Dry lightning over the Golden Gate

Over the past several days, Sandra and I have been hearing from friends and extended family asking if we’re OK amid the wildfires currently burning all over California, and especially up here in Sonoma County Wine Country.

YES. So far we’re OK. Thank you all very much for your concern. Here’s an update on our situation:

We’ve spent much of the last few days preparing to leave our house in case the fire — the Walbridge1 Fire, part of the LNU Lightning Complex of fires that has broken out all over Sonoma, Napa, Lake, Solano and Yolo counties in Northern California — gets too close. For the past few days the Walbridge Fire, while growing, has been substantially “stuck” in place about five or six miles west of our house. Fortunately, the winds have been light, and yesterday they started blowing away from us. The wind direction has been erratic, however, and no one seems to know where it will turn next.

The big threat now is another “dry lightning2 storm predicted for tonight, which seems likely to start new fires. It was a spectacular display of dry lightning early last Sunday morning that started all these fires. In fact, one of the lightning bolts struck very close to our house. The flash and simultaneous thunderclap awakened us at 5 a.m., cutting our electrical power almost instantaneously. (The simultaneity of the flash, clap and power shutdown is what told us how close it was to our home. The electrical outage lasted 24 hours.)
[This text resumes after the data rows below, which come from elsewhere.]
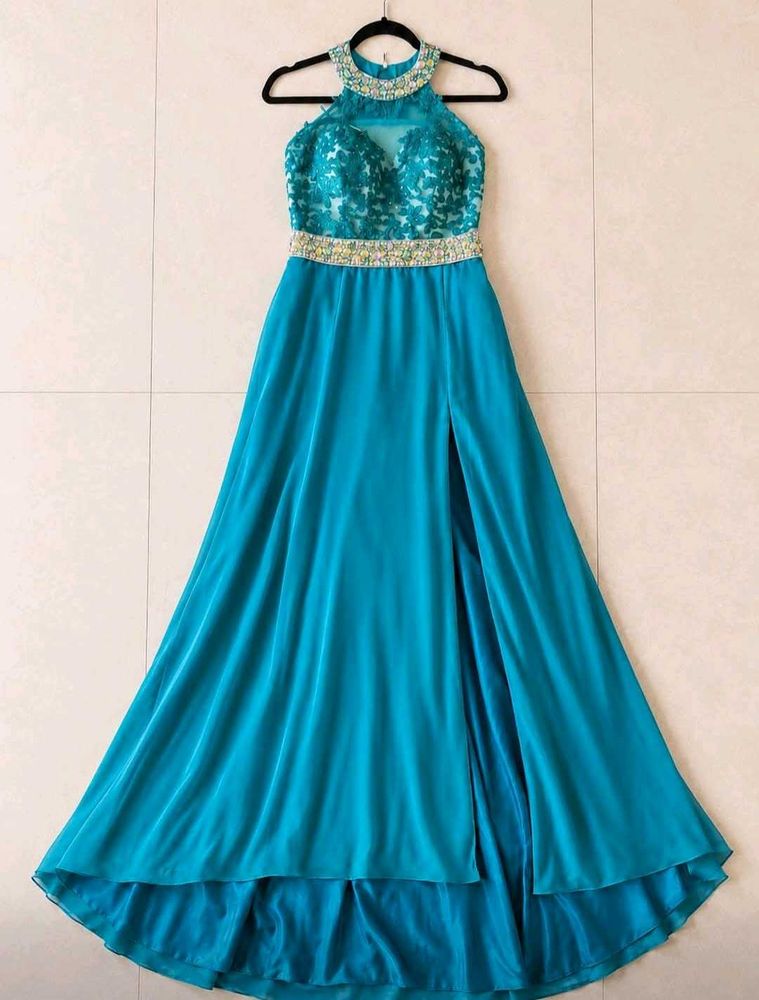 Stunning Teal Halter Neck Gown - Imported Milly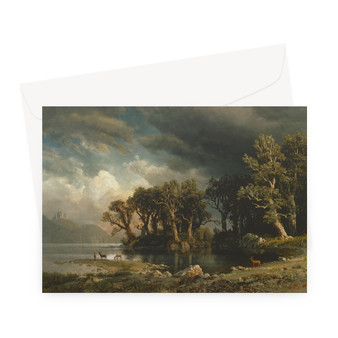 Albert_Bierstadt_-_The_coming_storm -  Greeting Card - (FREE SHIPPING)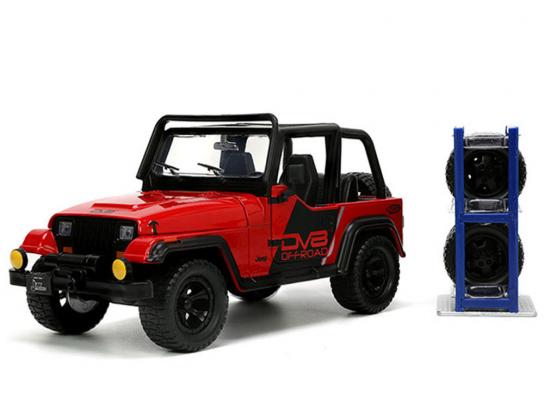 Jada 1 24 1992 Jeep Wrangler w Extra Wheels DiecastModels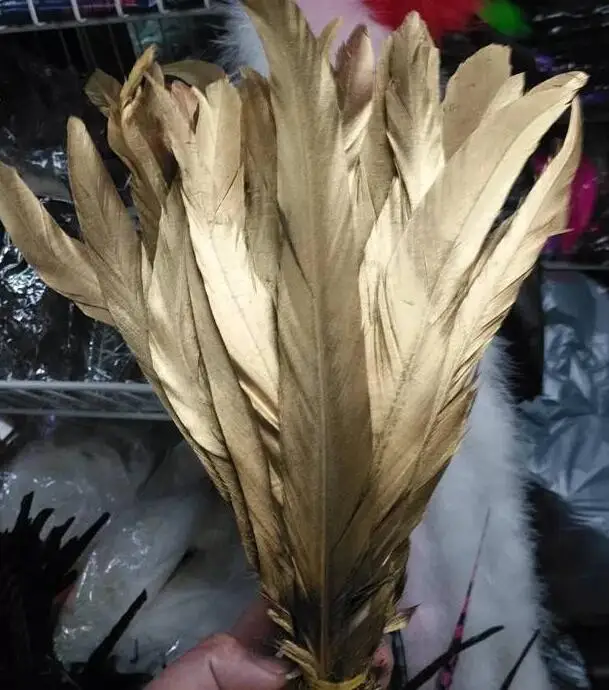 Rooster tail feather Gold color DIY feather clothing jewelry accessories wedding supplies performance necessary
Rooster tail feather Gold color DIY feather clothing jewelry accessories wedding supplies performance necessary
Beyond lightning, tonight’s predicted storm is also “expected to generate erratic wind gusts between 40-50 mph and … higher.” So all bets are off.

We’ve filled our gas tanks, packed our bags and put in storage a few irreplaceable items we’d like to save if the house burns down. We’ve also made a hotel reservation in Novato, about 35 miles to the south. If we have to leave suddenly, we can stay with our daughter Melissa and her family in Santa Rosa, but to remain there for more than a night would probably stretch her three-person/two-dog/two-cat household beyond capacity, which is why we’ve made the hotel reservation. (We’re confident that insurance will cover our expenses if we have to evacuate. It did in last October’s fire — for more on that, see below.) As the days have gone by with the fire stalled, we’ve kept pushing the reservation forward (i.e., postponing it) one day at a time. We’re grateful for the hotel’s having been very accommodating in that regard.

This fire is entirely different from the ones that roared through here in October 2017 and October 2019, which were both driven by strong (60+ mph), hot, dry, seasonal east-to-west winds that forced many people to flee at a moment’s notice. The current nearly stationary, lightning-ignited Walbridge Fire is to the west of us and has nothing in common with the seasonal conditions that, apparently in combination with sparking from the electrical grid, triggered the 2017 and 2019 fires.

That’s the good news.

The not-so-good news is that this year’s October-November Diablo wind-generated3 fire season is yet to begin.

For now though, we’re OK, and we’re crossing our fingers we won’t have to leave and won’t lose the house.

Please wish us luck.

***

  1. Many people looking for information on the Walbridge Fire have been searching for “#Wallbridge.” There are plenty of posts out there on Facebook and Twitter, so don’t hesitate to try both spellings.
  2. Actually, lightning of any kind is rare in California. Last week’s dry lightning was said to be the unexpected result of a big heat wave. The dry lightning forecast for tonight is associated with “what was once [Eastern Pacific] Hurricane Genevieve stream[ing] northeastward, where it will encounter intense August heat over central and northern California.”
  3. These winds are similar to Southern California’s “Santa Ana” winds and the Santa Barbara area’s Sundowner winds, both of which are, in turn, related to the more general Foehn phenomenon.